Why do we require $ps-qr \neq 0$ in order to be able to solve the simultaneous equations $c_1p + c_2q = \alpha, c_1r + c_2s = \beta$?

Question

Suppose we have the below system of (simultaneous) linear equations $$ c_1p + c_2q = \alpha \\ c_1r + c_2s = \beta $$ I know that, in order for this to be solvable, we must have $ps-qr \neq 0$. On an intuitive level, why is this? I am struggling to visulaize the practical reason.

I am aware that, to be solvable, the equations in a system such as this must be linearly dependent, and that to do this, to find the determinant of the matrix formed by the coefficients $p,q,r,s$. I am not interested in this kind of explaination. What I'm trying to do right now is visualise why the above is the case, without creating a rigorous proof.

Answer 1

Taken as equations in $c_1$ and $c_2$ the two equations represent lines in the plane. Normally two lines will intersect in a point, but this is not true if they are parallel. In this case the two lines will either be the same line written differently or different parallel lines which never meet.

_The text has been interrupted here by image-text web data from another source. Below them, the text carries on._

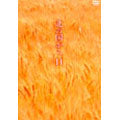 Japanese TV Series-Kita no Kuni kara (From a north country) Vol.11-Japan DVD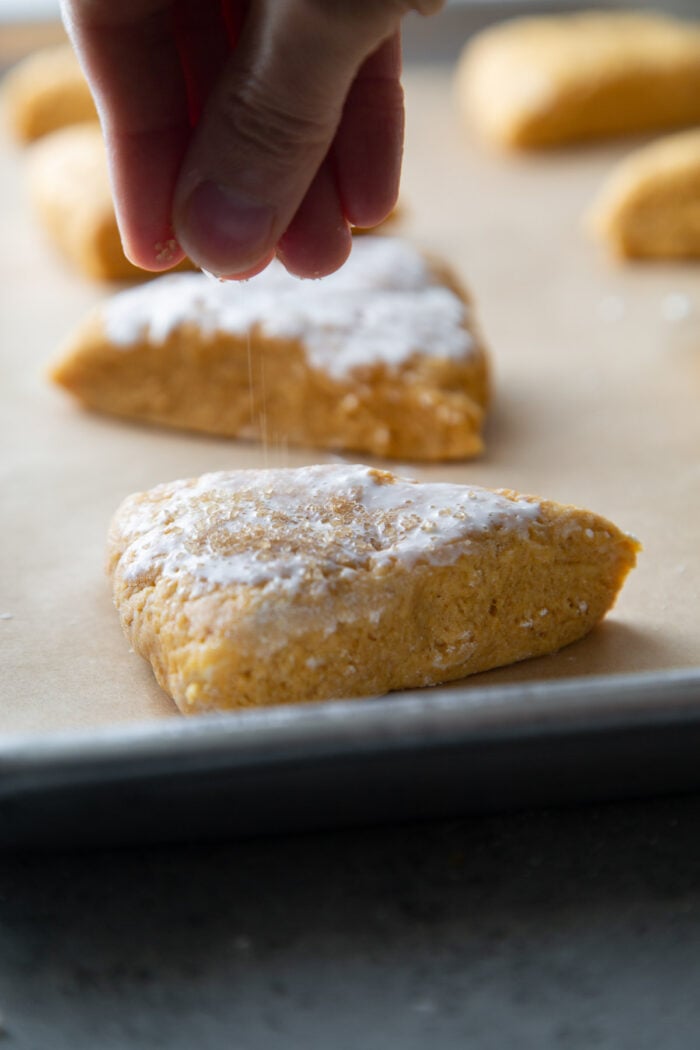 sprinkle turbinado sugar over cream topped pumpkin scones.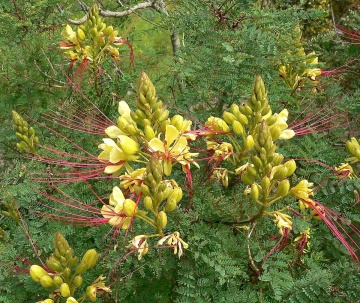Arbustul Paun galben (10 seminte) Peacock Shrub - Caesalpinia gilliesii X spinosa, flori superbe galbene, Saflax - Img 5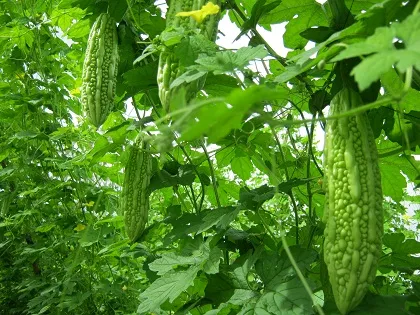 Quảng Trị: Người dân vùng cát được mùa mướp đắng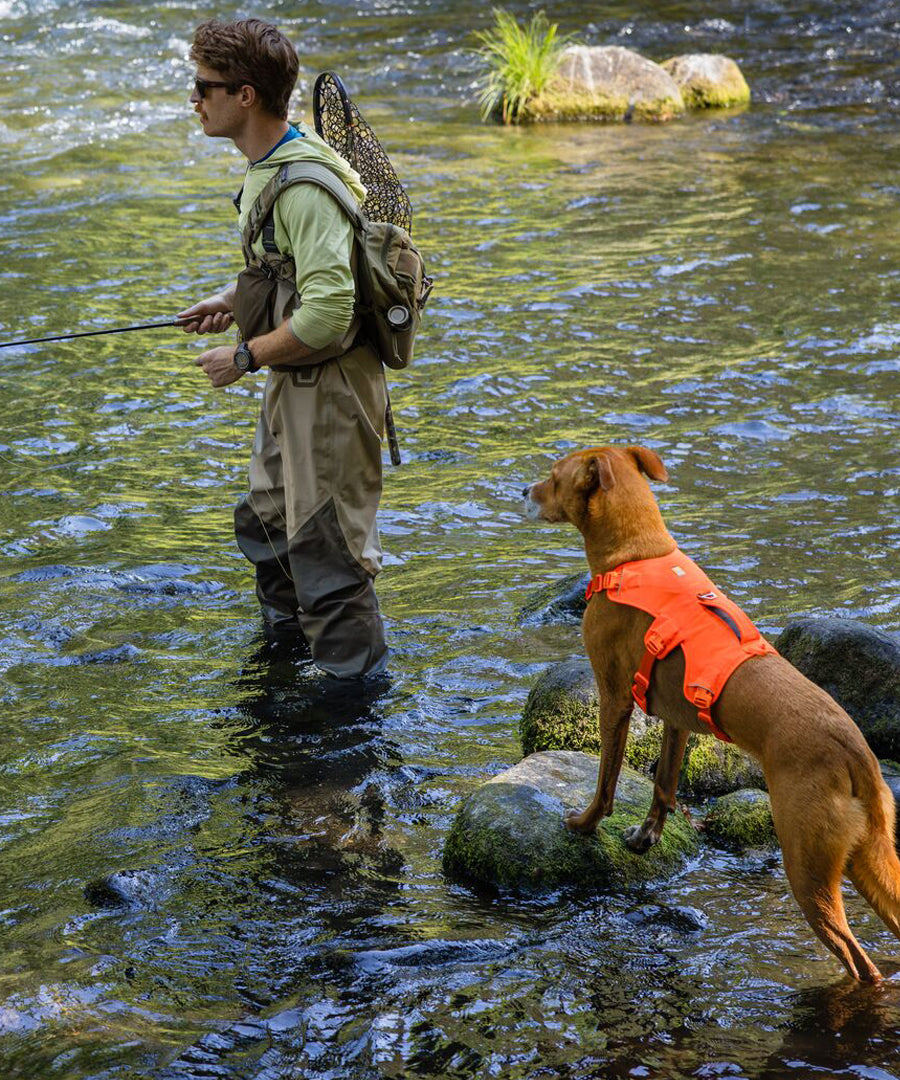 ruffwear-harnais-web-master-pour-chien-orange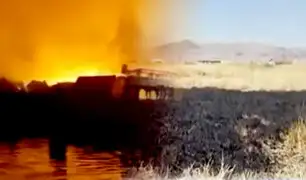 Puno: incendio por quema de totorales en 'Los Uros' casi alcanza colegio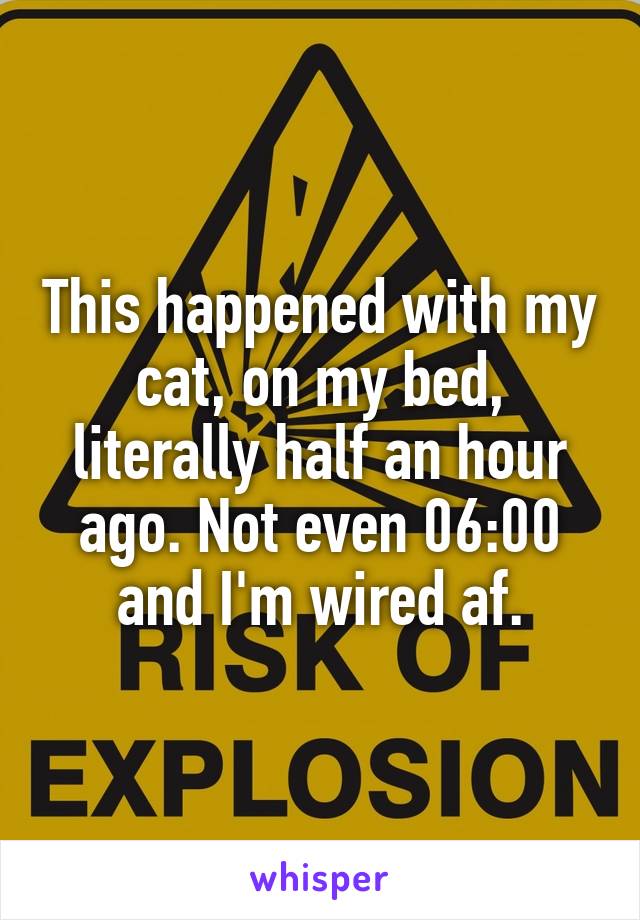 This happened with my cat, on my bed, literally half an hour ago. Not even 06:00 and I'm wired af.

They will be parallel if their gradients are equal, which will happen if $\cfrac pq=\cfrac rs$. Clearing denominators and taking all the terms to the same side this becomes the condition $ps-qr=0$.

If $ps-qr\neq 0$ the lines are therefore not parallel and will intersect.

Answer 2

This is because the condition $pq=rs$ means the l.h.s. of the equations are proportional, so that, if you want the system to be solvable, the r.h.s. also have to be proportional with the same coefficient of proportionality.